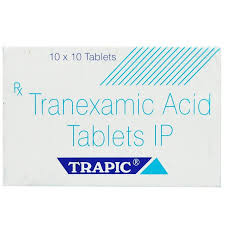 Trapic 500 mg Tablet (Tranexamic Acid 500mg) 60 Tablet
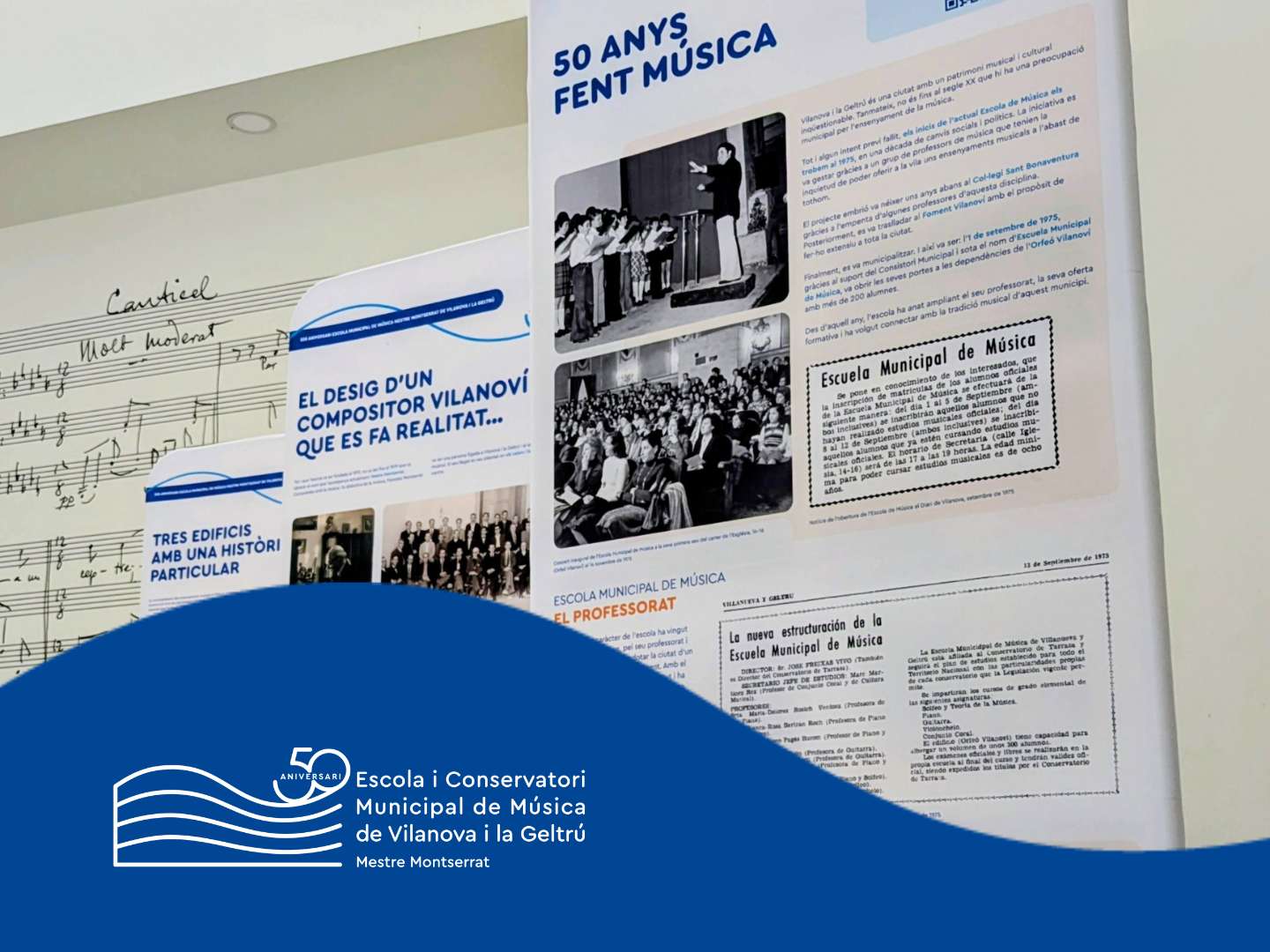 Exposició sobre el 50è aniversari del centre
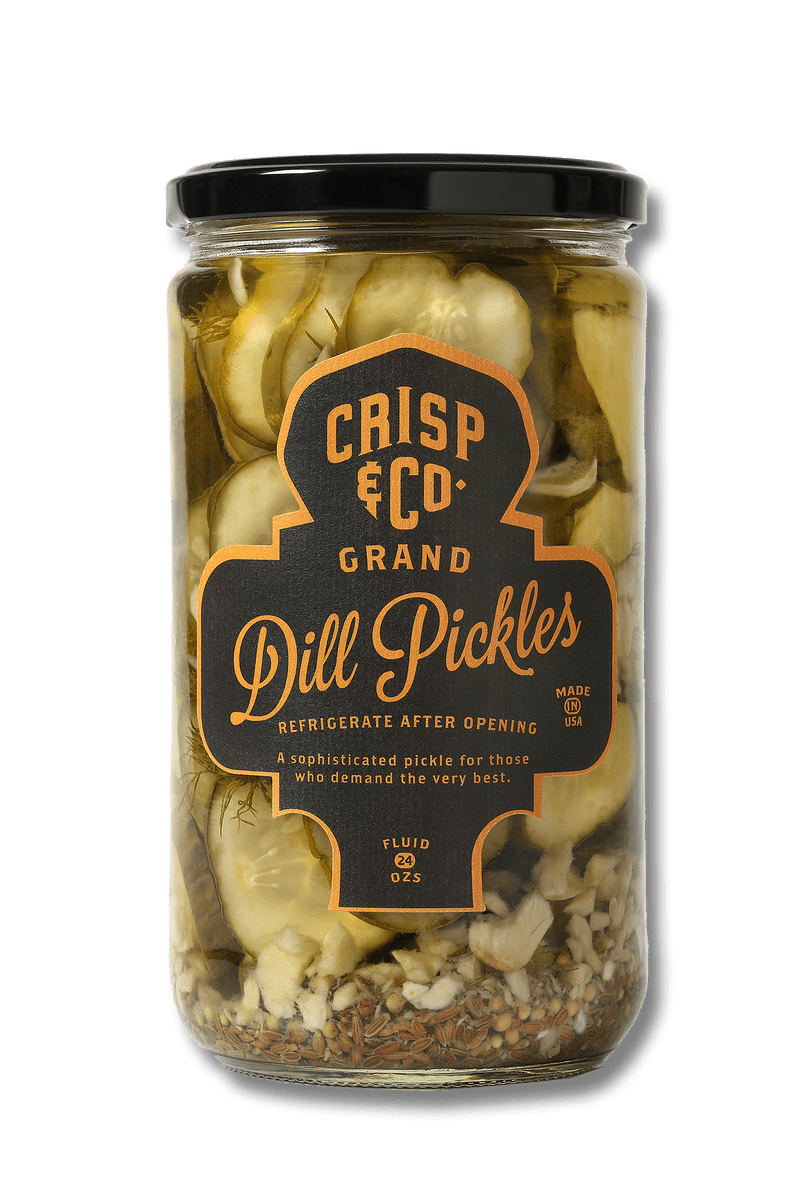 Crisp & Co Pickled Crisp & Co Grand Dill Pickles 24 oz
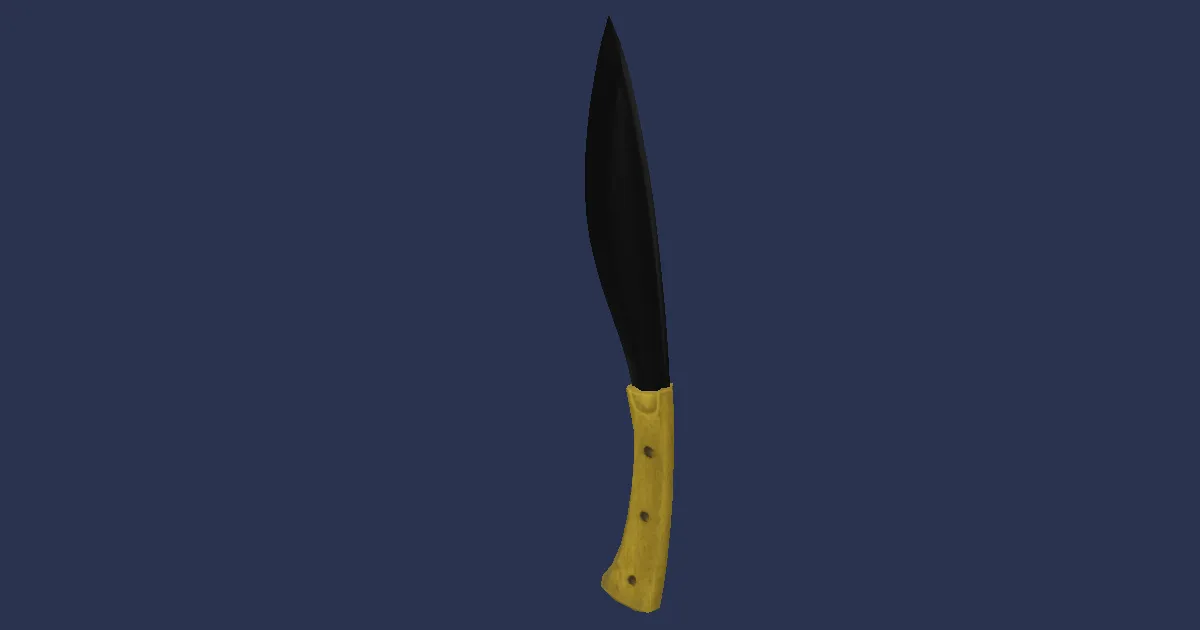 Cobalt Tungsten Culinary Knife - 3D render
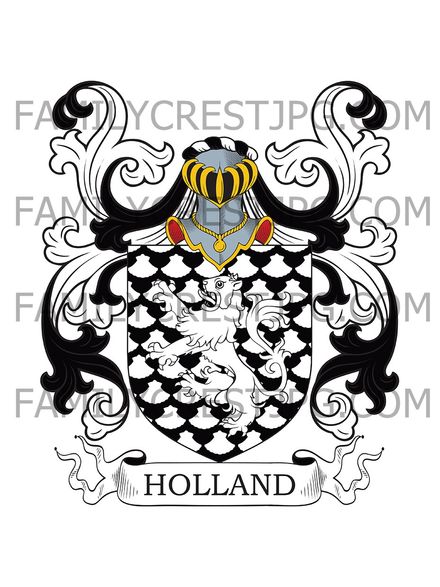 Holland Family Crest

***

After removing the pictures, transcribe the listing above exactly.

 Trapic 500 mg Tablet (Tranexamic Acid 500mg) 60 Tablet
 Exposició sobre el 50è aniversari del centre
 Crisp & Co Pickled Crisp & Co Grand Dill Pickles 24 oz
 Cobalt Tungsten Culinary Knife - 3D render
 Holland Family Crest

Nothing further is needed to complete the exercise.